** PROMPT **
Directions for the data below: repeat exactly the lines from the one with "a bathroom with" through the one with "种什么生肖动物的树适合种在后院中呢?", both included, and omit all pictures.

** TASK INPUT **

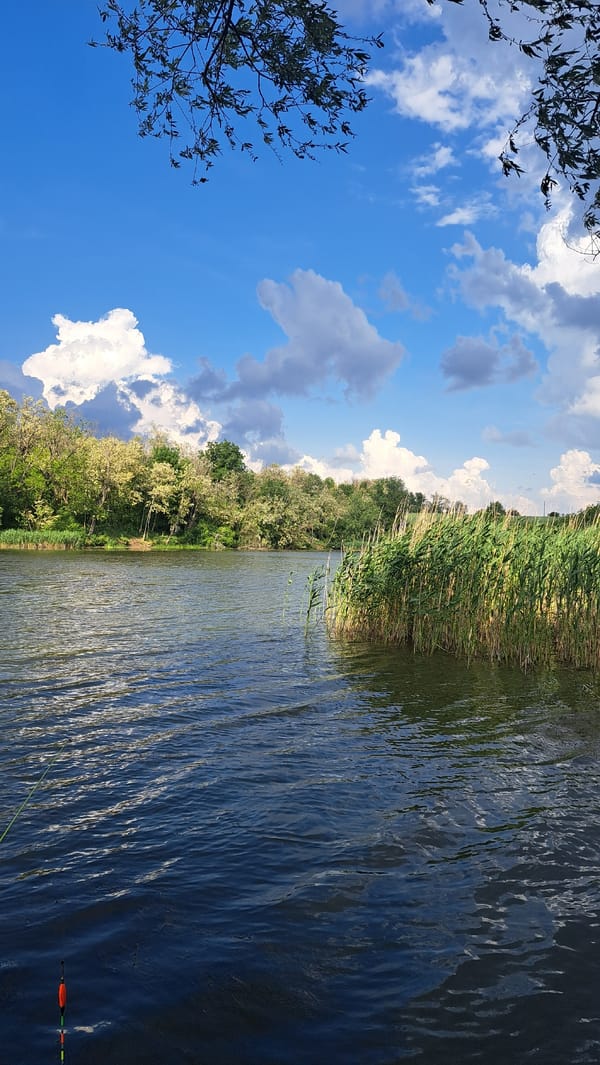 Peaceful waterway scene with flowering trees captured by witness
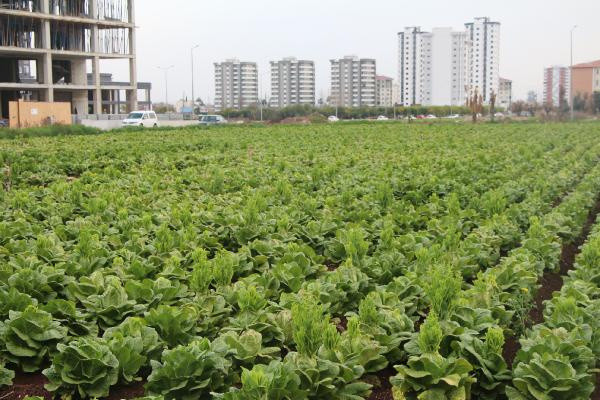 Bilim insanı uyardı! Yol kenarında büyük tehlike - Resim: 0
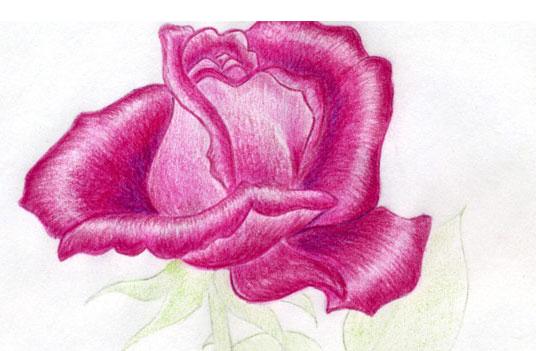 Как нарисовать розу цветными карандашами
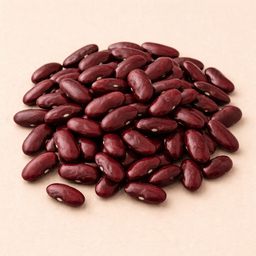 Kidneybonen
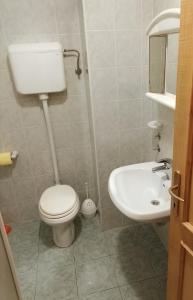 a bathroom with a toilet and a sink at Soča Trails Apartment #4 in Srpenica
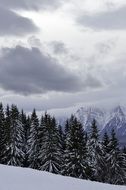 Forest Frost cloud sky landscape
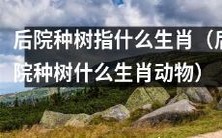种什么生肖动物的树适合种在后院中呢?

* * *

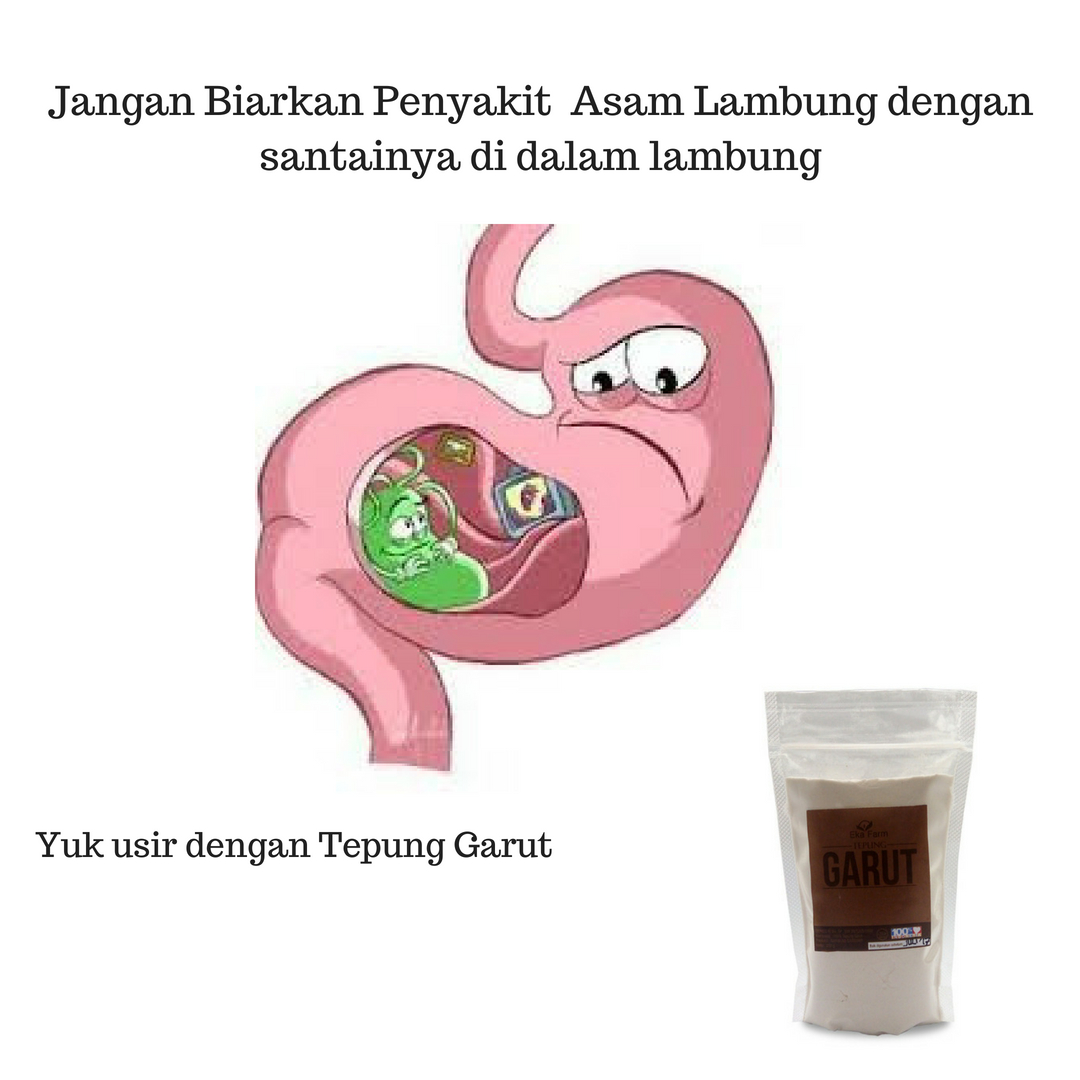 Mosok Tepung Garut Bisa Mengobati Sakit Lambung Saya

--

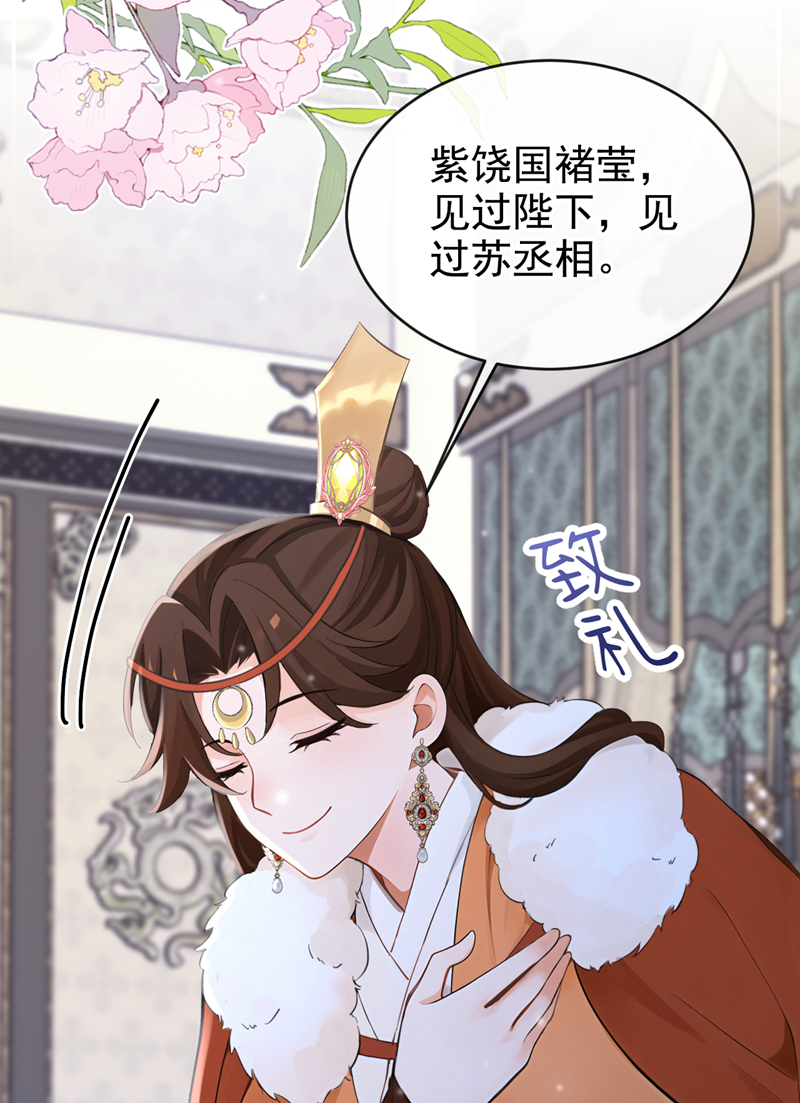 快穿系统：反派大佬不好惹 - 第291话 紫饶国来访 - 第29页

** TASK RESPONSE **
 a bathroom with a toilet and a sink at Soča Trails Apartment #4 in Srpenica
 Forest Frost cloud sky landscape
种什么生肖动物的树适合种在后院中呢?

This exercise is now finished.